The present disclosure generally relates to a laboratory sample distribution system and a laboratory automation system.
Known laboratory sample distribution systems are typically used in laboratory automation systems in order to transport samples contained in sample containers between different laboratory stations. A typical laboratory sample distribution system provides for a high throughput and for reliable operation.
It has been found out that in some cases it is desirable to have some positions marked on a transport plane of a laboratory sample distribution system.
Therefore, there is a need for a laboratory sample distribution system in which positions on a transport plane can be recognized.
According to the present disclosure, a laboratory sample distribution system is presented. The laboratory sample distribution system can comprise a transport plane, a number of sample container carriers, a driver configured to move the sample container carriers on the transport plane, and a control device configured to control the movement of the sample container carriers on top of the transport plane by driving the driver such that the sample container carriers move along corresponding transport paths. A number of optically recognizable geometric shapes are placed on the transport plane, each geometric shape representing a dedicated field on the transport plane.
In accordance with another embodiment of the present disclosure, a laboratory sample distribution system is presented. The laboratory sample distribution system can comprise a transport plane, a number of sample container carriers, a driver configured to move the sample container carriers on the transport plane, a control device configured to control the movement of the sample container carriers on top of the transport plane by driving the driver such that the sample container carriers move along corresponding transport paths, and a flat template having a plurality of holes, the holes arranged and configured for providing outlines of geometric shapes such that these geometric shapes can be drawn optically recognizably on the transport plane using the template when it is placed on the transport plane, each geometric shape drawn on the transport plane representing a dedicated field on the transport plane.
Accordingly, it is a feature of the embodiments of the present disclosure to provide for a laboratory sample distribution system in which positions on a transport plane can be recognized. Other features of the embodiments of the present disclosure will be apparent in light of the description of the disclosure embodied herein.
The following detailed description of specific embodiments of the present disclosure can be best understood when read in conjunction with the following drawings, where like structure is indicated with like reference numerals and in which:
In the following detailed description of the embodiments, reference is made to the accompanying drawings that form a part hereof, and in which are shown by way of illustration, and not by way of limitation, specific embodiments in which the disclosure may be practiced. It is to be understood that other embodiments may be utilized and that logical, mechanical and electrical changes may be made without departing from the spirit and scope of the present disclosure.

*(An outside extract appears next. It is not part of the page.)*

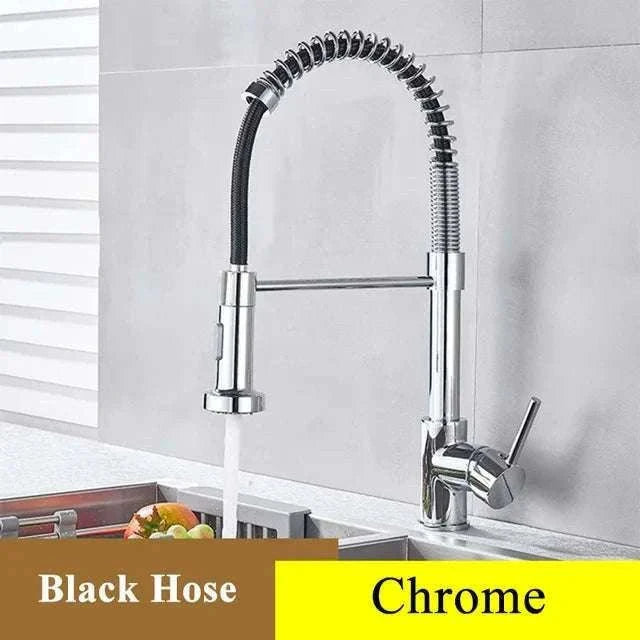 Brushed Nickel Pull Down Kitchen Faucet with Spring Design-Golden / China Mainland
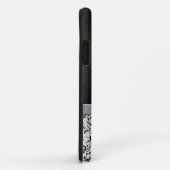 Zwart-witte Damask met Monogram Case-Mate iPhone Case (Achterkant/rechts)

A laboratory sample distribution system is presented. The laboratory sample distribution system can comprise a transport plane, a number of sample container carriers, a driver configured to move the sample container carriers on the transport plane, and a control device configured to control the movement of the sample container carriers on top of the transport plane by driving the driver such that the sample container carriers move along corresponding transport paths.
A number of optically recognizable geometric shapes can be arranged on the transport plane, each geometric shape representing a dedicated field on the transport plane. The driver may be arranged in rows and columns forming a grid. The grid can comprise, or define, a number of fields. The optically recognizable geometric shapes may be arranged on the transport plane to visualize some or all of the fields. This can allow for a schematic visualization of the driver which may typically not be visible due to the typically opaque transport plane.
By use of the laboratory sample distribution system, fields on the transport plane can be marked with the geometric shapes in a manner that can be recognized optically. For example, the fields can be recognized by an operator and/or technically by cameras or other optical recognition systems.
The geometric shapes can be closed geometric shapes.
According to an embodiment, the geometric shapes can be directly printed on the transport plane. The term “directly printed” may imply that a certain amount of color representing the geometric shapes can be disposed directly on the transport plane. Alternatively, the geometric shapes can, for example, be directly printed on the transport plane by modifying the surface of the transport plane, for example by partially removing or roughening the transport plane, by laser texturing, by etching, or the like
According to an embodiment, the geometric shapes can be printed on a sheet covering the transport plane. The sheet can be provided separately from the transport plane and can be placed and fixed on the transport plane.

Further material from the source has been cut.